El sol entraba oblicuo por la ventana, ni tan cálido, ni tan frío. De esos soles de otoño que no abrigan del todo pero igual se agradecen. El mate me esperaba en la mesa, tibio, sin apuros, como si supiera que iba a tardar en dar el primer sorbo.
Lo tomé sin pensar. Bah, creyendo que no pensaba. Pero en cuanto el sabor tocó la lengua, me entró por otro lado. Por el alma, digamos. Por esa parte blanda entre el pecho y la memoria, donde se guardan los gestos que uno cree olvidados: la mano de mi abuelo cebando con paciencia de reloj de arena, mi vieja probando el agua con ese oído suyo para los hervores justos, las charlas de madrugada con algún amigo que ya no está, pero que dejó su risa pegada al mate como una calcomanía.

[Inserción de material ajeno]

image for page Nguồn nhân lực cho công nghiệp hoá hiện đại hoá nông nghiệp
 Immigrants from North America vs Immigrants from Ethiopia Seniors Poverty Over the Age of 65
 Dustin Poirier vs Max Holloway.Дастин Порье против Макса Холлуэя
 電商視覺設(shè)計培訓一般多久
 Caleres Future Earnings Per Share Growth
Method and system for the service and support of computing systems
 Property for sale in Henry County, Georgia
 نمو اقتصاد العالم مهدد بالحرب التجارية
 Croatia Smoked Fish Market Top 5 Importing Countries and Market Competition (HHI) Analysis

A veces uno toma mate como quien respira: sin darse cuenta. Y sin embargo hoy me detuve. Hoy el mate me frenó. Me hizo saber que esa pausa era más que una pausa. Era un refugio. Un ritual. Un acto de fe tibia en medio del caos.
Me colgué el termo bajo el hombro, como quien se cuelga un escudo. Salí a la calle. El viento jugaba en contra, como siempre. Pero cada paso, con el mate en mano, era un gesto mínimo de resistencia. Contra el mundo, sí. Pero también contra mí mismo. Contra esa parte que quiere ir rápido, que se olvida de mirar.
Cebé otro. Y seguí caminando. Porque hay rutinas que no son rutina. Son forma de quedarse. O de volver.